= Eugene Vale =

American novelist

Eugene Vale (11 April 1916 – 2 May 1997) was a best-selling American novelist. He was also a screenwriter, a playwright, and the author of an influential volume on screenwriting.

== Biography ==
Vale was born in Switzerland, but worked in Paris during the 1930s. He moved to the United States after the outbreak of World War II. Vale worked in Hollywood and also as a lecturer on film and television writing at the University of Southern California. In Joseph McBride's biography of Frank Capra, Vale is quoted as saying that he wrote much of Capra's 1971 autobiography The Name Above the Title ("I'm responsible for the book").

In 1997, Vale died at home in Los Angeles at age 81.

== Works ==

=== Screenplays ===
Vale's screenplays included The Second Face (1950), Francis of Assisi (1961) and A Global Affair (1964). His 1956 short documentary, "The Dark Wave", was nominated for an Academy Award.

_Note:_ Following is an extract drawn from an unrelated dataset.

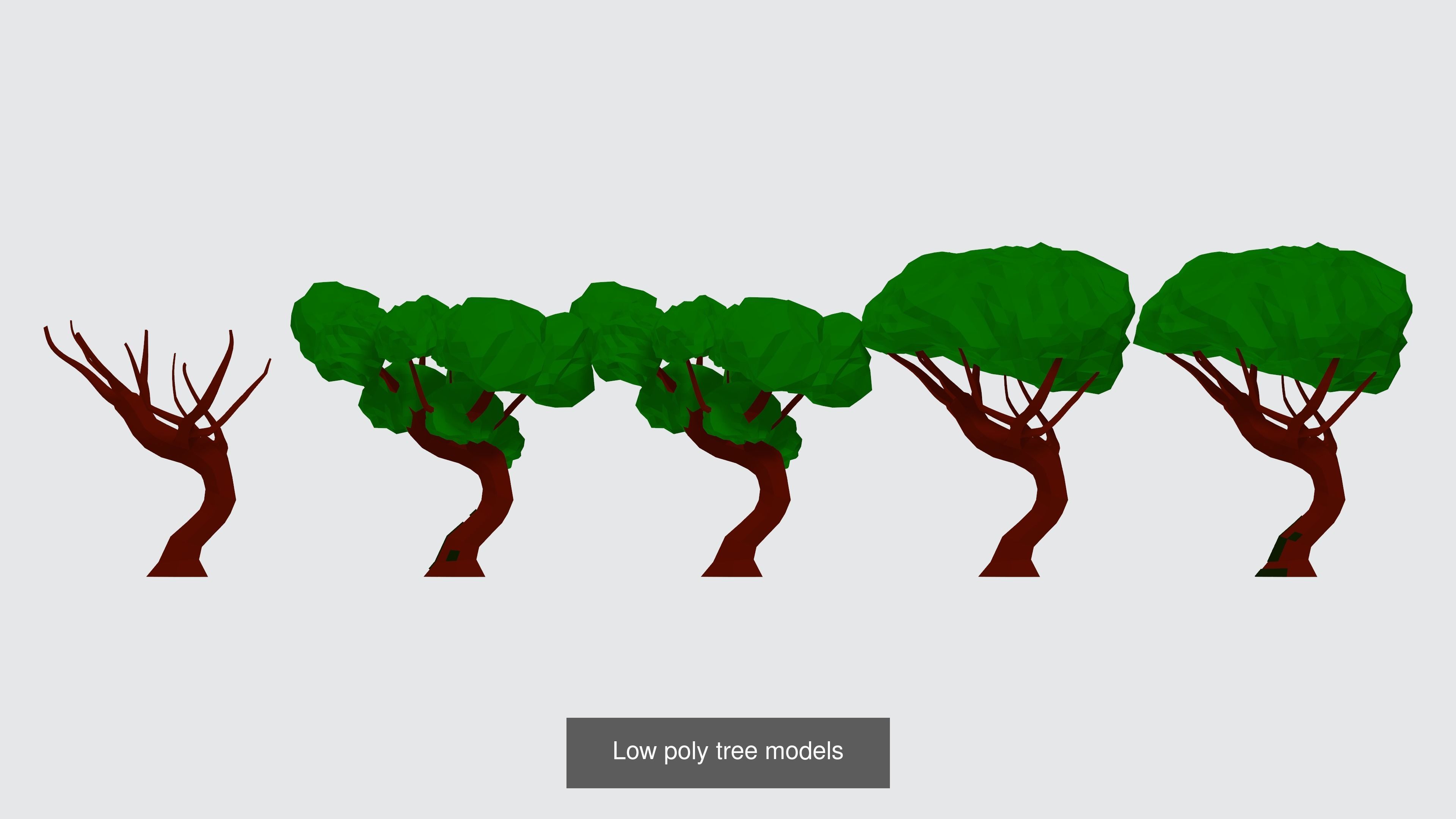 Low poly tree models 3D Model Collection_2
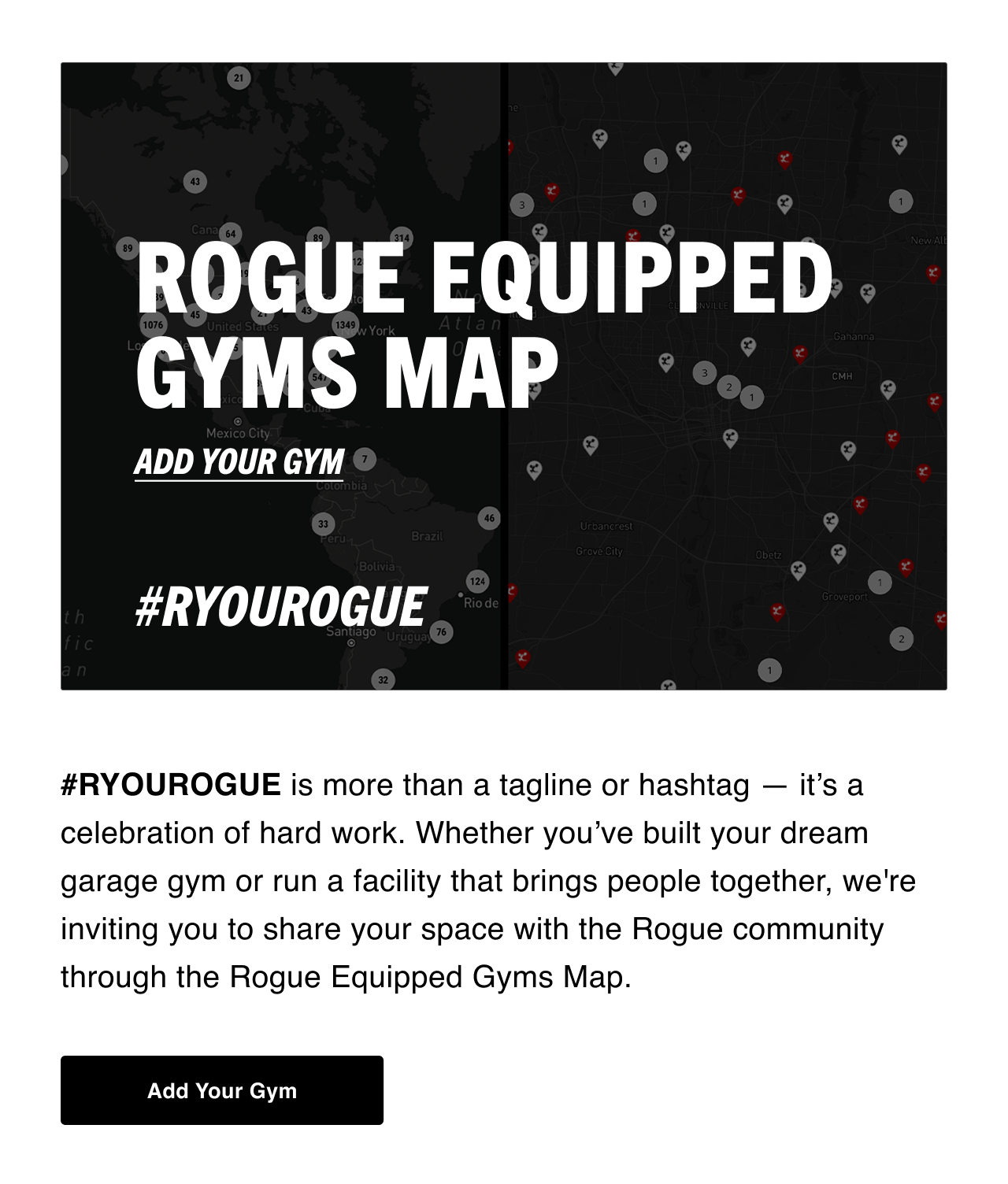Rogue Equipped Gum Map - Add Your Gym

As well as writing screenplays, Vale in 1944 wrote a textbook, "The Technique of Screen & Television Writing". In this book, Vale provided many rules for writing screenplays, including that the "primary purpose of every film scene is to transition into the future".

=== Novels ===
Vale's debut novel, The 13th Apostle (pub. 1959) was reviewed favorably in The New York Times. The reviewer said in part "Mr. Vale is the only contemporary novelist of recent years, to my knowledge, who has made so ambitious an attempt to encompass in a single fabric every clue to modern man's devious retreat from engagement.

The novel immediately following, Chaos Below Heaven (pub. 1966), was also a best seller.

=== Plays and television ===
Vale's play "Devils Galore" was produced on Broadway in 1945. He also wrote for several early television shows, including Four Star Playhouse, The 20th Century Fox Hour, and Schlitz Playhouse of Stars.